Penso que esta é a explicação para o facto de a associação de Jesus com cobradores de impostos ímpios ser ofensiva. Como a minha proposta não é aquilo de que a maioria dos leitores estará à espera, vou repeti-la brevemente. Os Evangelhos afirmam que Jesus foi criticado por se associar a cobradores de impostos, que eram considerados «ímpios» - pessoas que transgrediam sistemática e habitualmente a Lei. A maioria dos intérpretes do Novo Testamento presume que a

história de Zaqueu, apresentada em Lucas, revela o objetivo de Jesus: ele queria que os cobradores de impostos se arrependessem, restituíssem aquilo que tinham roubado, acrescentassem um pagamento de 20 por cento como multa e abandonassem a sua prática desonesta. Eu sugeri que isto não é correto. Primeiro, apenas Lucas apresenta Jesus como um reformador. Segundo, ninguém teria discordado se Jesus tivesse convencido os cobradores de impostos a abandonar o grupo dos ímpios: os outros teriam sido todos beneficiados com isso.

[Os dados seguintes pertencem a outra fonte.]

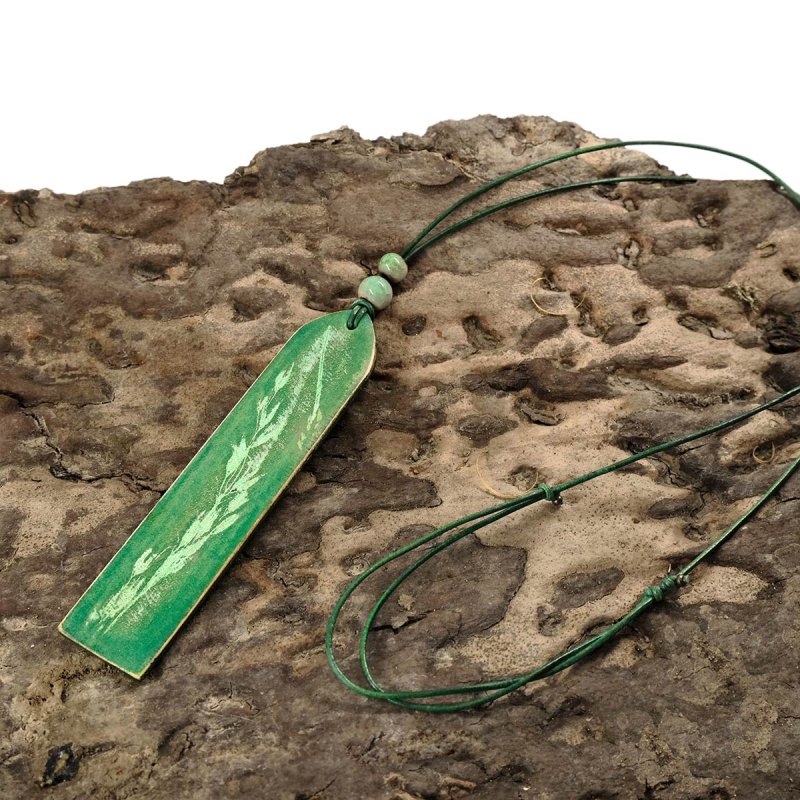 Adjustable boho style leather pendant on leather cord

Se ele tivesse sido um reformador de cobradores de impostos desonestos bem sucedido não teria sido alvo de crítica. Mas, de facto, ele era criticado por causa da sua associação com cobradores de impostos. Isto é difícil de explicar e eu apresentei uma hipótese de explicação para a crítica de que Jesus foi alvo: ele anunciou aos cobradores de impostos que Deus os amava e disse às outras pessoas que os cobradores de impostos entrariam no Reino de Deus antes das pessoas justas. Isto é, ele parece ter dito, de facto, que, se eles o aceitassem a ele e à sua mensagem, Deus os incluiria no Reino - apesar de não se terem arrependido e emendado, tal como a Lei exigia (restituição, 20 por cento de multa, sacrifício de reparação). Isto teria sido ofensivo sob dois aspetos: Jesus não tentou fazer valer os mandamentos da Lei judaica que estipulam como uma pessoa se transforma de ímpia em justa; Jesus considerava-se a si próprio como alguém que tinha o direito de dizer quem entraria no Reino.